[BACKEND] Re-order WS lowering and NVGPU lowering (#9535)

ThomasRaoux · web-flow · commit 434aecbe933a · 2026-02-21T07:54:53.000Z
Better layering as NVGPU is meant to be at the same level of abstraction
of LLVM. This also avoid bugs when lowering prologue/epilogue of the
kernel
diff --git a/test/Conversion/nvgpu_to_llvm.mlir b/test/Conversion/nvgpu_to_llvm.mlir
@@ -119,68 +119,6 @@ llvm.func @tensor_memory_base_warpgroup() attributes {nvvm.kernel = 1 : ui1, nvv
 
 }
 
-// -----
-
-module attributes {"ttg.num-warps" = 4 : i32, "ttg.threads-per-warp" = 32 : i32} {
-
-// CHECK-LABEL: @warpid_warp_specialize
-llvm.func @warpid_warp_specialize() {
-  // CHECK: [[C32:%.*]] = llvm.mlir.constant(32 : i32)
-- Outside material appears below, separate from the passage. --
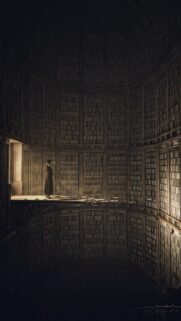 Mysterious Woman Standing in Ancient Dark Library Wallpaper for Mobile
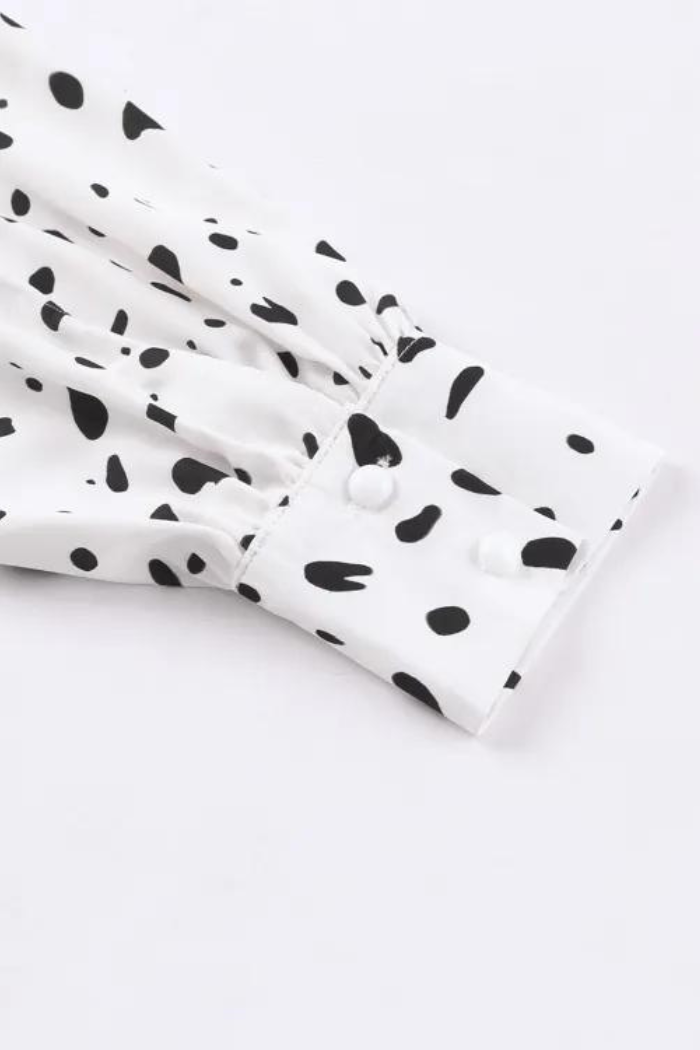 White shirt with black polka dot pattern on a white background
-  // CHECK: [[TIDX:%.*]] = nvvm.read.ptx.sreg.tid.x
-  // CHECK: [[ID:%.*]] = llvm.udiv [[TIDX]], [[C32]]
-  // CHECK: [[UNIFORM:%.*]] = nvvm.shfl.sync idx {{%[0-9]+}}, [[ID]]
-  %0 = ttg.warp_id
-  // CHECK: "use"([[UNIFORM]])
-  "use"(%0) : (i32) -> ()
-
-  // CHECK: ttg.warp_specialize
-  ttg.warp_specialize() attributes {warpGroupStartIds = array<i32: 6, 4>}
-  // CHECK: default
-  default {
-    // CHECK: [[TIDX:%.*]] = nvvm.read.ptx.sreg.tid.x
-    // CHECK: [[ID:%.*]] = llvm.udiv [[TIDX]], [[C32]]
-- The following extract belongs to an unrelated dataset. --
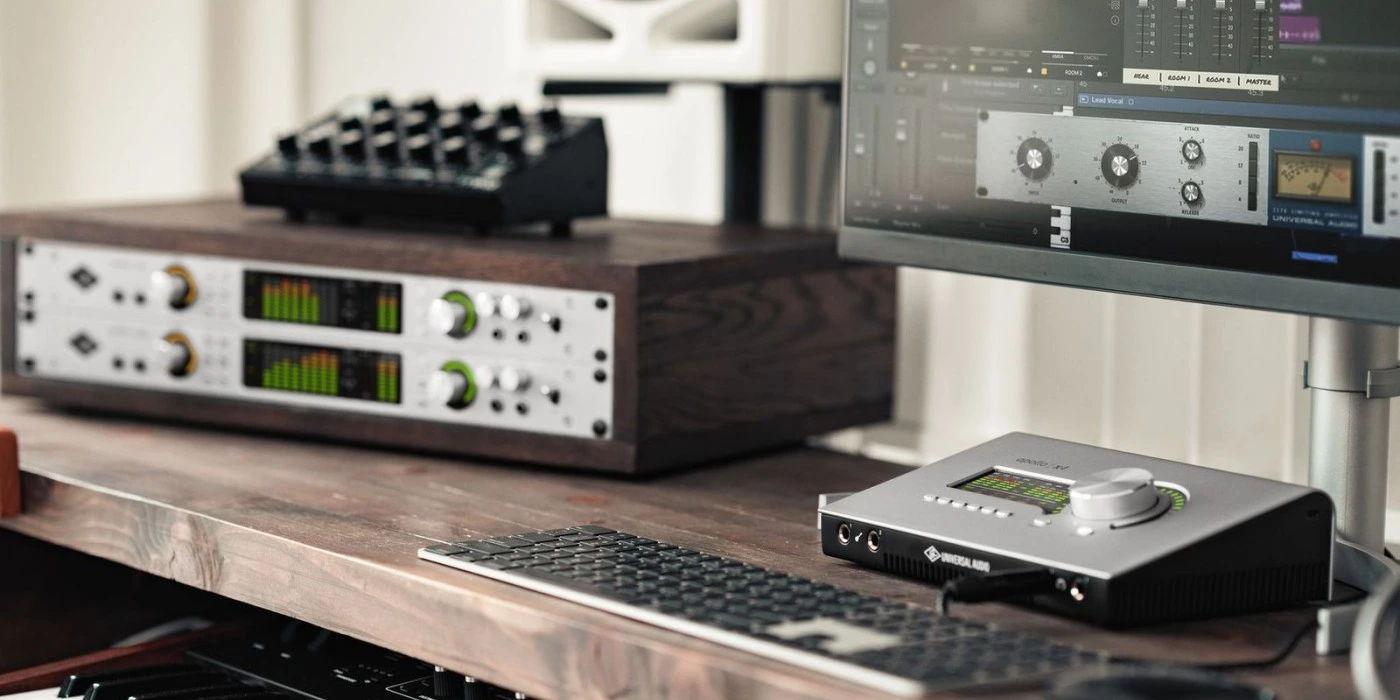 Audio equipment setup with rack-mounted processors and a computer monitor.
-    // CHECK: [[UNIFORM:%.*]] = nvvm.shfl.sync idx {{%[0-9]+}}, [[ID]]
-    %1 = ttg.warp_id
-    // CHECK: "use"([[UNIFORM]])
-    "use"(%1) : (i32) -> ()
-    ttg.warp_yield
-  }
-  // CHECK: partition0
-  partition0() num_warps(4) {
-    // 6*32 = 196
-
-    // CHECK: [[C32:%.*]] = llvm.mlir.constant(32 : i32)
-    // CHECK: [[C192:%.*]] = llvm.mlir.constant(192 : i32)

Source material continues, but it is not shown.